■ **Exercise directions**
Skip any pictures. Repeat the data exactly, from its first line through the line that holds "Carlinkit - Mini", both included.

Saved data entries
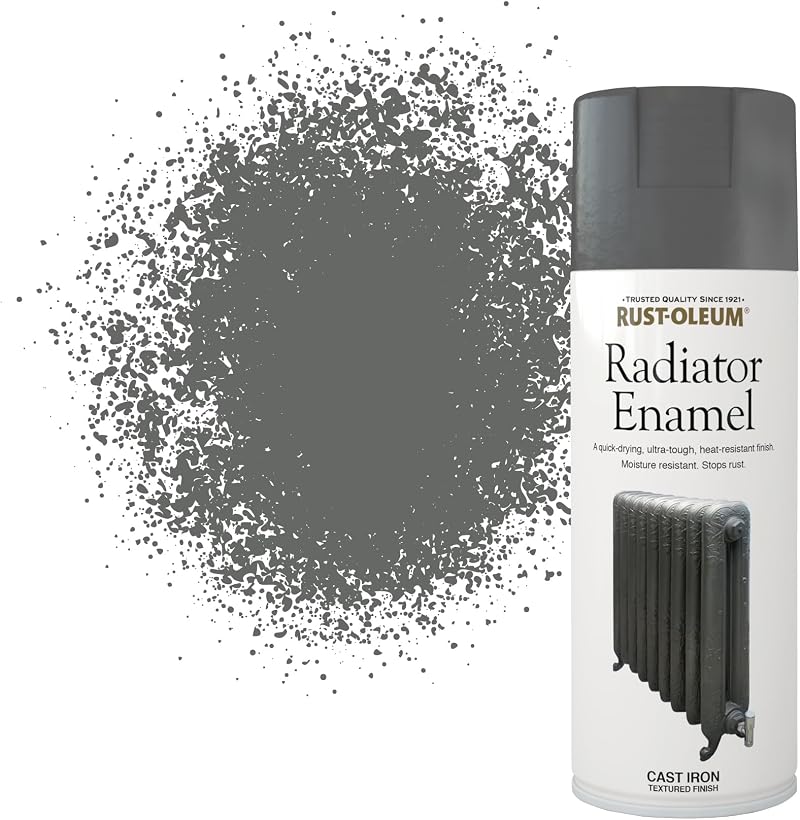 Rust-Oleum 400ml Radiator Enamel Spray Paint Aerosol Cast Iron Interior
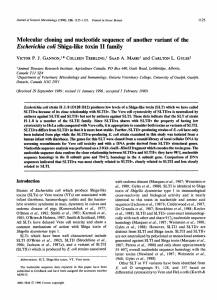 Molecular cloning and nucleotide sequence of another variant of the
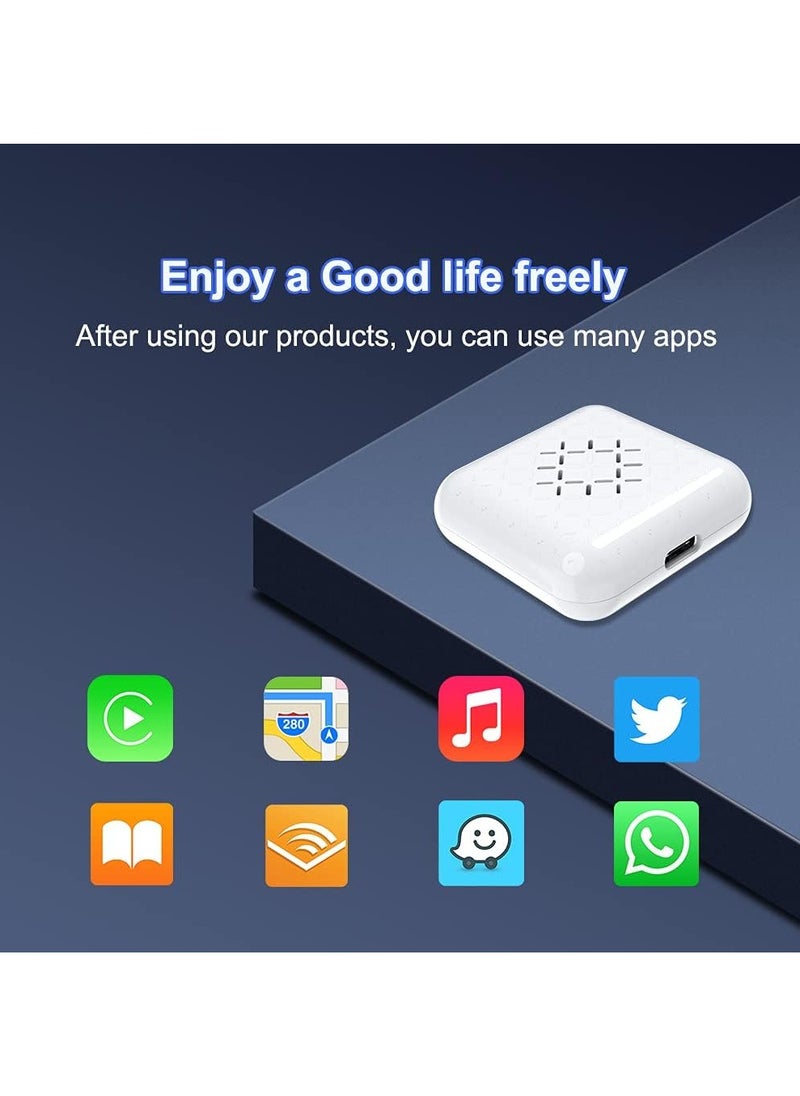 Carlinkit - Mini Wireless CarPlay WiFi And Bluetooth Adapter To Convert The CarPlay System From Wired to Wireless, Works on iPhone, Fast Operation And Automatic Connection - Image 1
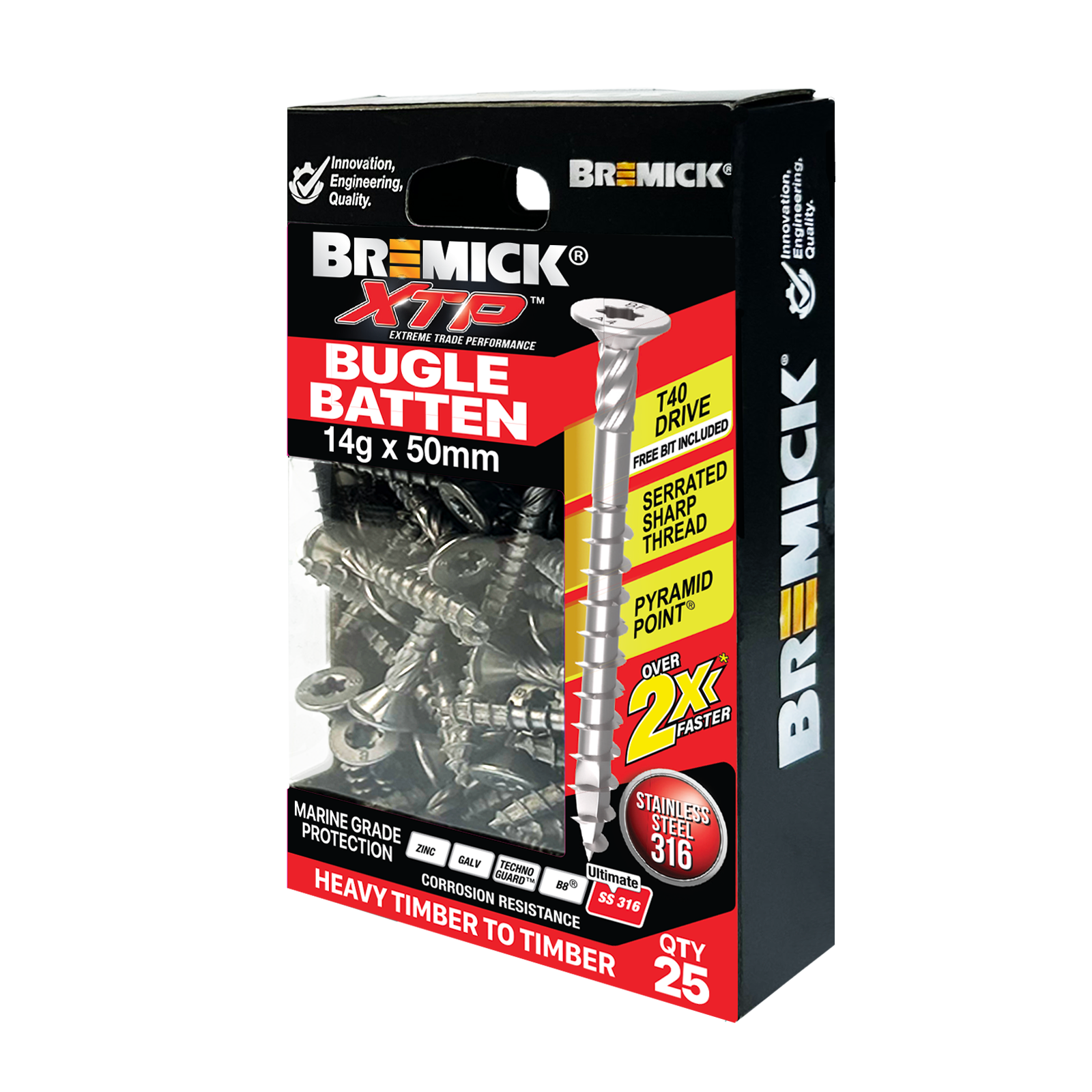 10 Stück T40 Sicherheits-Stern-Bits (1/4 Zoll) – Magnetisch, Aus S2 Stahl – Für Schraubendreher & Akkuschrauber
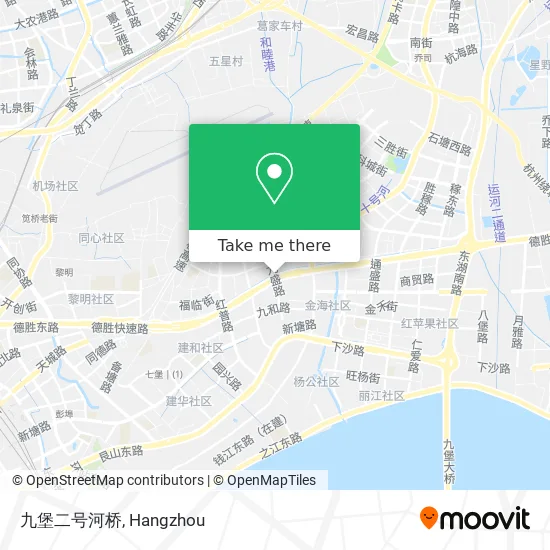 九堡二号河桥 map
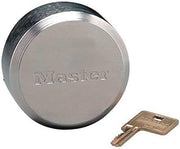 Master Lock Keyed Padlock,1 23/32 in,Round,Silver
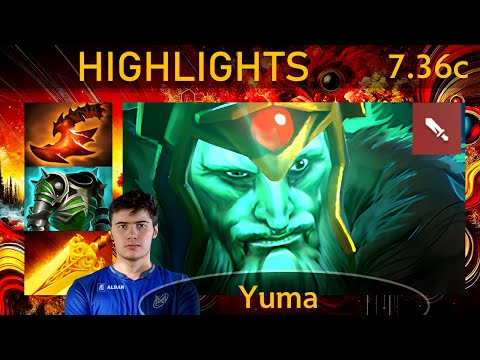 ⭐ 7.36c Yuma Wraith King |KDA - 28 KP - 66%| Carry Highlights - Dota 2 Top MMR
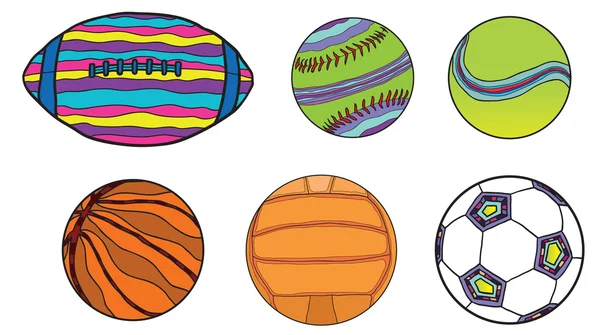 Balle sport abstraite — Image vectorielle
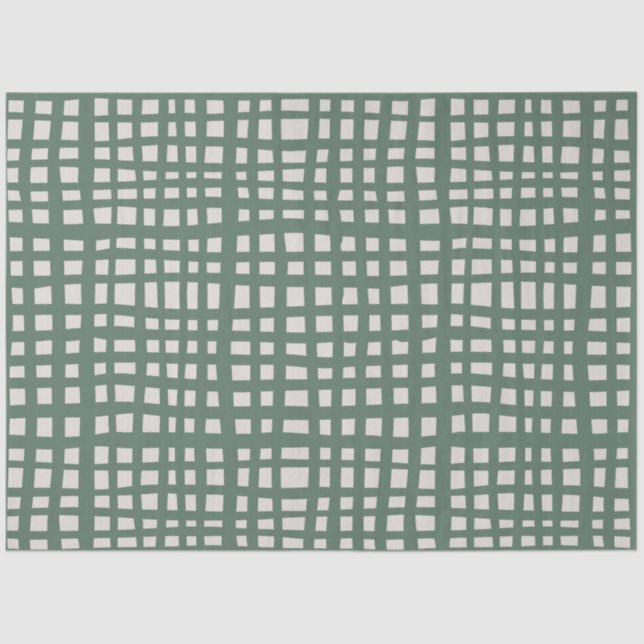 Papel De Seda Poinsettia Sage Green Ivory Christmas gift (Frente )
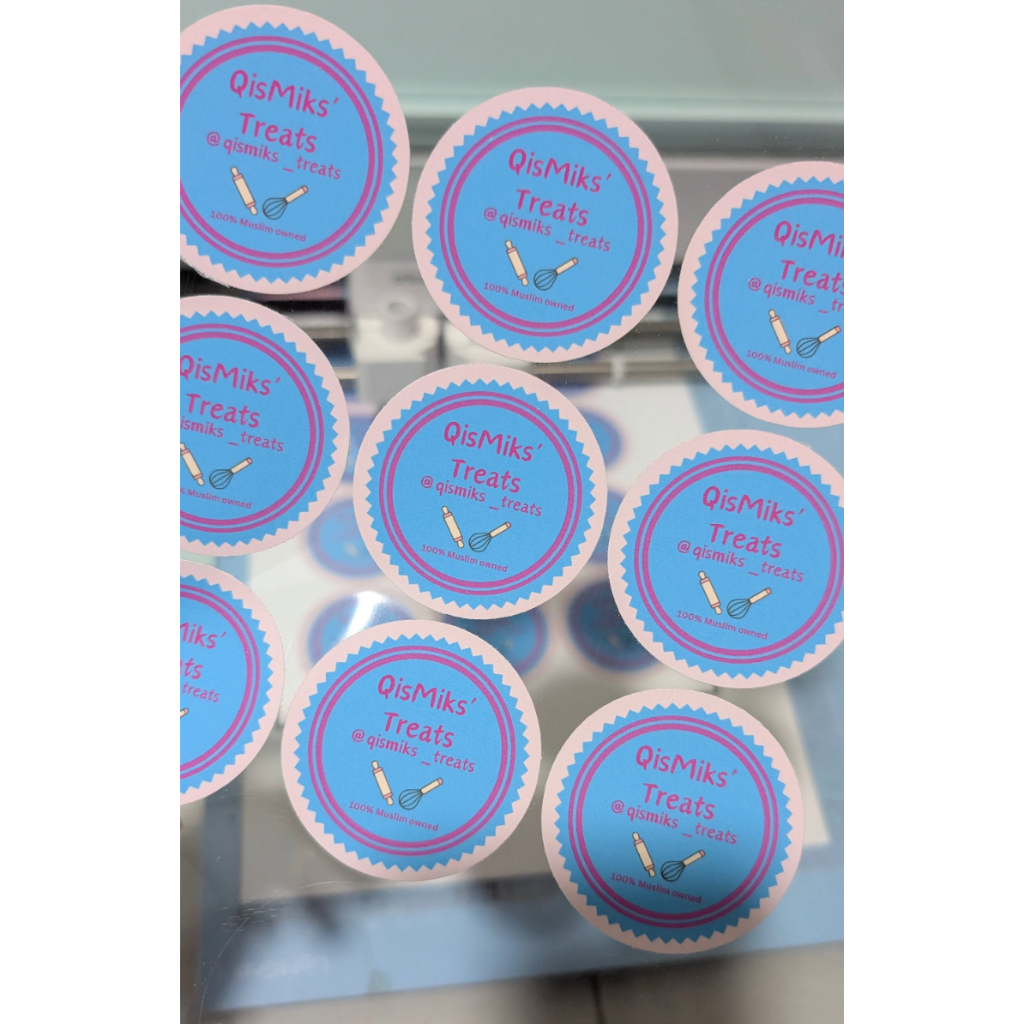 Customised Sticker Label (improved 2025 ver.) | Shopee Singapore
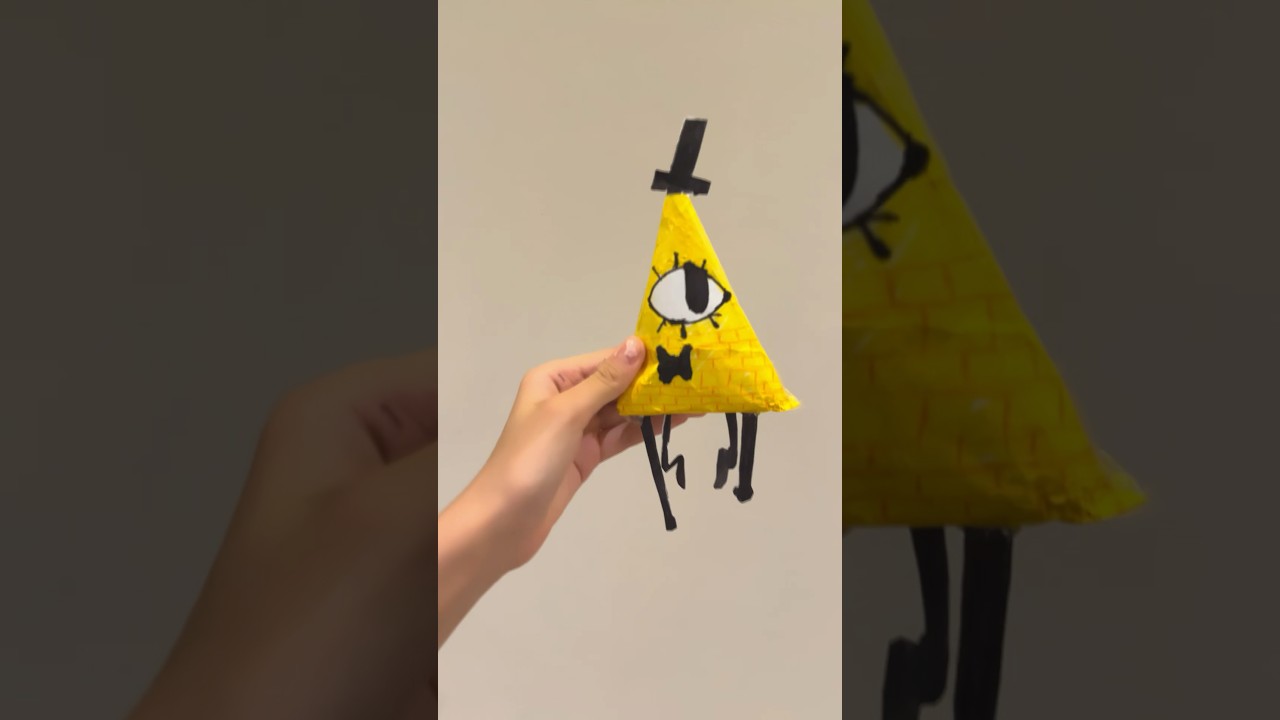 bill cipher!!✨🖤 #gravityfalls #disney #music #billcipher #crafts #diy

■ **Answer section**
 Rust-Oleum 400ml Radiator Enamel Spray Paint Aerosol Cast Iron Interior
 Molecular cloning and nucleotide sequence of another variant of the
 Carlinkit - Mini Wireless CarPlay WiFi And Bluetooth Adapter To Convert The CarPlay System From Wired to Wireless, Works on iPhone, Fast Operation And Automatic Connection - Image 1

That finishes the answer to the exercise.